Christian Schmidt calls for an “immediate halt of all activities that undermine the Dayton Peace Agreement.”
An international representative in Bosnia accused political leaders of autonomous Serbia of trying to destabilize the country after statistics passed the law to ban the Bosnian national police and justice.
A lawmaker from the country’s autonomous Serbian Republic, Republika Srpska, approved the law on Thursday after a state court sentenced a year in prison for banning its separatist Milorado Dodik from politics for six years and rejecting the decision of its best representative, Christian Schmidt.
Separatist gambits could cause a postwar Bosnian ethnically divided constitutional crisis.
Schmidt was tasked with overseeing the Dayton Agreement, which ended the intercommunist war between Bosnian Quimslamists, which killed more than 100,000 people between Bosnian Serbs, Croatians and Bosnian Quimslamists in 1992-95, and accused political leaders of autonomous regions of undermining the state.
Dayton divided Bosnia into two autonomous regions: the Muslim Kroto Federation and the Serbian-controlled Republic Surpska.
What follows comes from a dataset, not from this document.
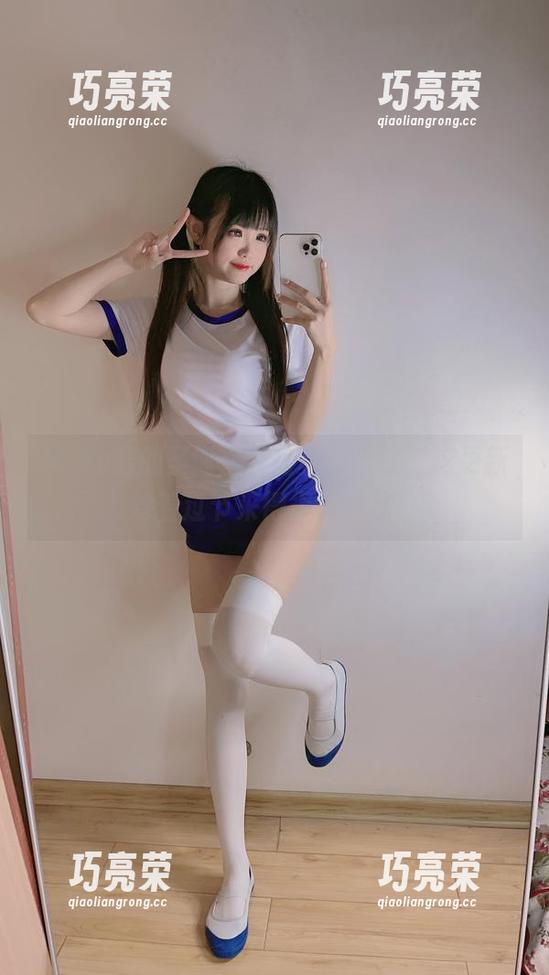 miko酱ww Miko酱的圣诞魔女写真集上线,这更新趁着过节来得很应景呢!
The weak central government connects these regions under high representatives who have important authority, including their ability to fire political leaders.
Schmidt called for the “Dayton Peace Agreement and the immediate halt of all activities that undermine the constitutional and legal order of Bosnia and Herzegovina,” according to handouts from his office.
“These actions by the Republika Srpska’s ruling coalition seek to destabilize the institutions that exercise the constitutional responsibility of the state,” the statement added.
Dodik was charged in 2023 after signing a law suspending the Bosnian Constitutional Court and Schmidt’s decision, which violated the peace agreement.
Dodik, who has long sought the area to separate and form a union with neighbouring Serbia, rejected a court decision and urged lawmakers from the Autonomous Serbia to vote for a provincial police and judicial ban.
“We believe this will create momentum to do this without using force,” Dodik said, adding that the region is aiming to roll back reforms and create state judiciary, police and military to counter the separatist tendencies.
After Thursday’s vote, Bosnian Serbian Parliament Speaker Nenad Stebandik said 49 of the 52 representatives in the parliament supported the legislation.
But Bosnian Muslim Prime Minister Kroto, Nermin Niksik, denounced Dodik’s push on Friday to ban the state’s institutions.
“I am not prepared to participate in consultations or discuss ongoing political cooperation with the Republican institutions until all of these actions against the Constitution, the Dayton Peace Agreement and the state are suspended and invalidated,” Niksic said on social media.
Dennis Bekirovich, a member of the Muslim presidency in Bosnia, also denounced Dodik and officials in the Republic of Surpska, saying their move was a “attack on the country’s constitutional order.”